Give back the data exactly, with no images.

▸ Given material:
>>>
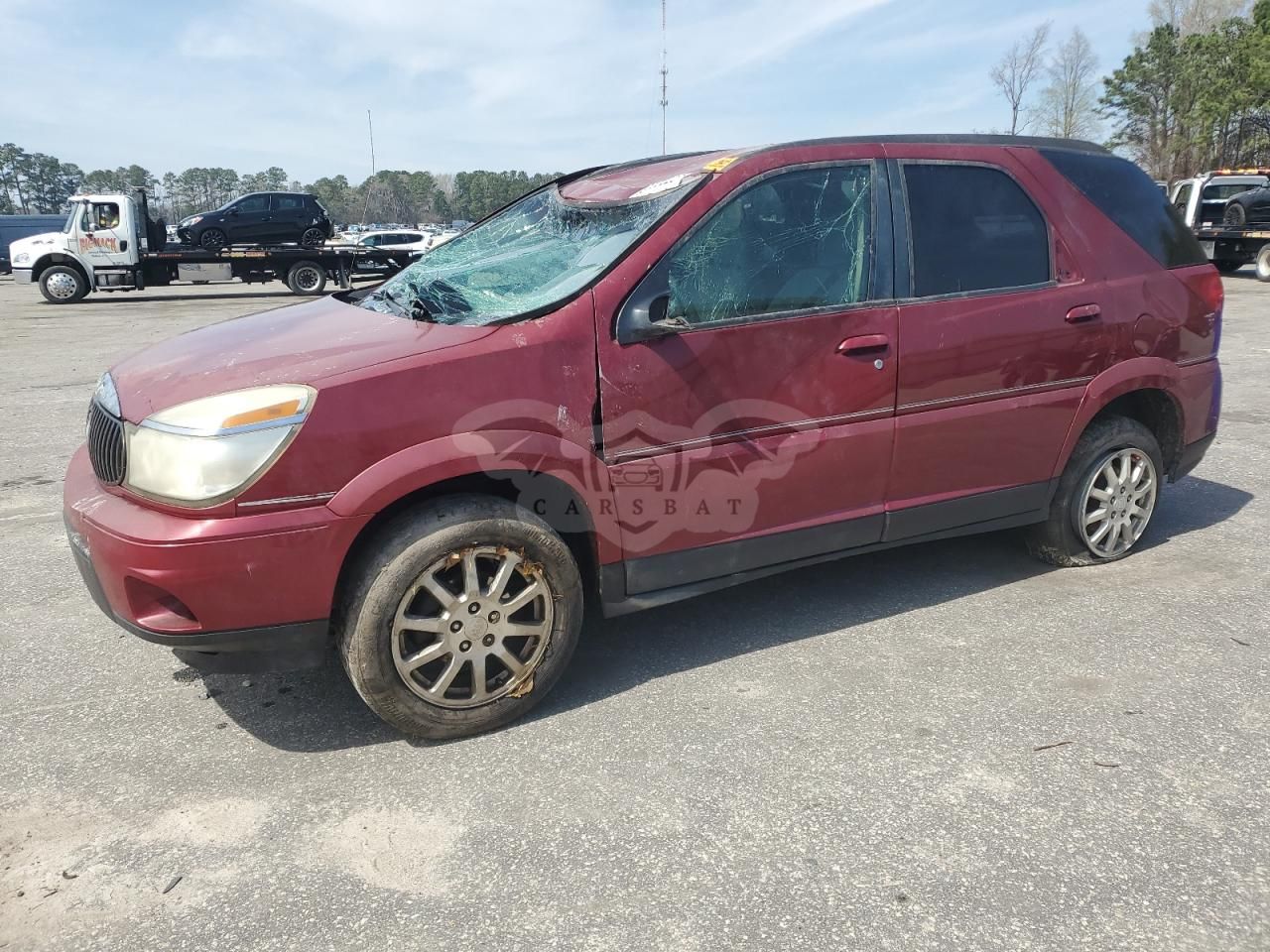 Buick Rendezvous CX 3.5L 6 2006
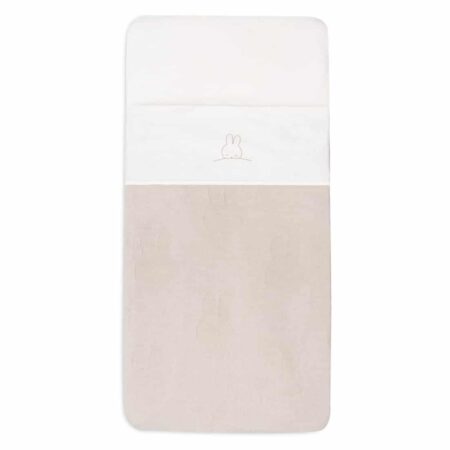 Jollein - Laken Ledikant 120x150cm Sleepy Miffy Funghi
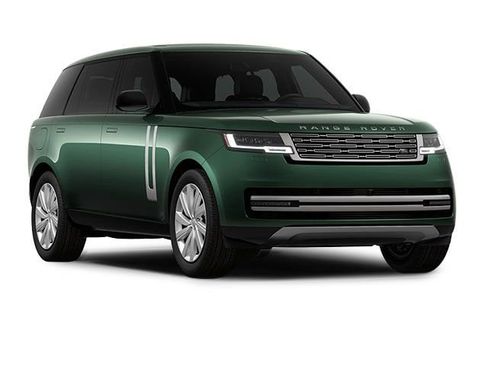 Used 2025 Land Rover Range Rover SE AWD/4WD image 1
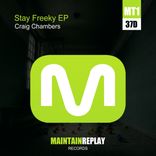 Portada para "Stay Freeky EP"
<<<
▸ Exercise result:
 Buick Rendezvous CX 3.5L 6 2006
 Jollein - Laken Ledikant 120x150cm Sleepy Miffy Funghi
 Used 2025 Land Rover Range Rover SE AWD/4WD image 1
 Portada para "Stay Freeky EP"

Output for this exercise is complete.